Ich habe mal vor ein paar Jahren Just Cause 1 gespielt und habe es sehr gut in Erinnerung. Da es aber mittlerweile Teil 2 und 3 gibt möchte ich doch lieber einen neueren Teil spielen...
In diversen Amazon Bewertungen lässt man von einer grauenhaften Performance auf der PS4? Ist das wirklich so schrecklich???
Am besten an Teil 1 hat mir eigentlich der Dynamische Tag/Nachtwechsel und vorallem die wahnsinnig coole Insel gefallen (Urlaubsfeeling pur^^). Hat man diese im 2ten bzw. 3ten Teil auch noch?

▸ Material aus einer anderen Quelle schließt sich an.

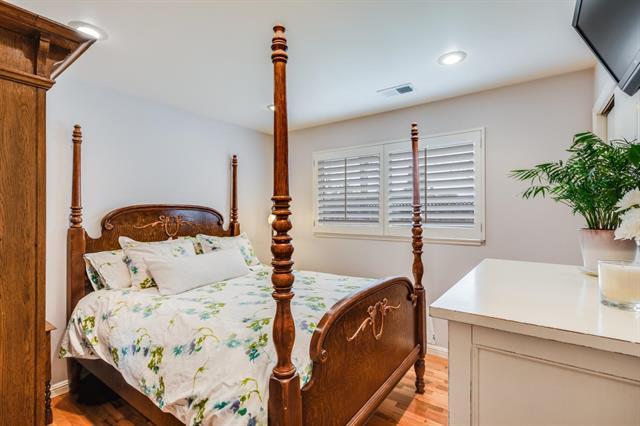 Detail Gallery Image 6 of 8 For 3262 Moorpark Ave, San Jose,  CA 95117 - 2 Beds | 1 Baths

mfg und vielen Dank für eure Hilfe!


----------



## Herbboy (6. Juli 2016)

Also, die meisten hier spielen ja auf dem PC... ^^  ich würde an Deiner Stelle mal am besten bei Amazon die Meinungen durchgehen, und zwar ordne die am besten nach Datum, da ja durch Patches eventuell auch einiges verbessert worden sein könnte. Kann also sein, dass es Probleme gab und jetzt nicht mehr?  https://www.amazon.de/product-reviews/B00PNJ96HG/ref=acr_search_see_all?ie=UTF8&showViewpoints=1   so wie es scheint, gibt es aber in der Tat Einbrüche zb bei Explosionen...


----------



## Sweden1994 (7. Juli 2016)

Keiner der das Spiel auf PS4 spielt?!


----------



## LOX-TT (7. Juli 2016)

Sweden1994 schrieb:


> Keiner der das Spiel auf PS4 spielt?!



doch ich.

Bis auf recht lange Wartezeit in den "Zahnrad"-Missionen hatte ich keine großen Probleme, weder beim Hauptspiel noch bei den beiden größeren DLCs, die bisher rauskamen.

Urlaubsfeeling haben die beiden Nachfolger auch und zudem mehr Abwechslung in den Klimazonen (Sandgebiete, im zweiten sogar richtige Wüste und schneebedeckte Berge, zusätzlich zu den Wiesen, Wäldern und natürlich Strand und Meer.


----------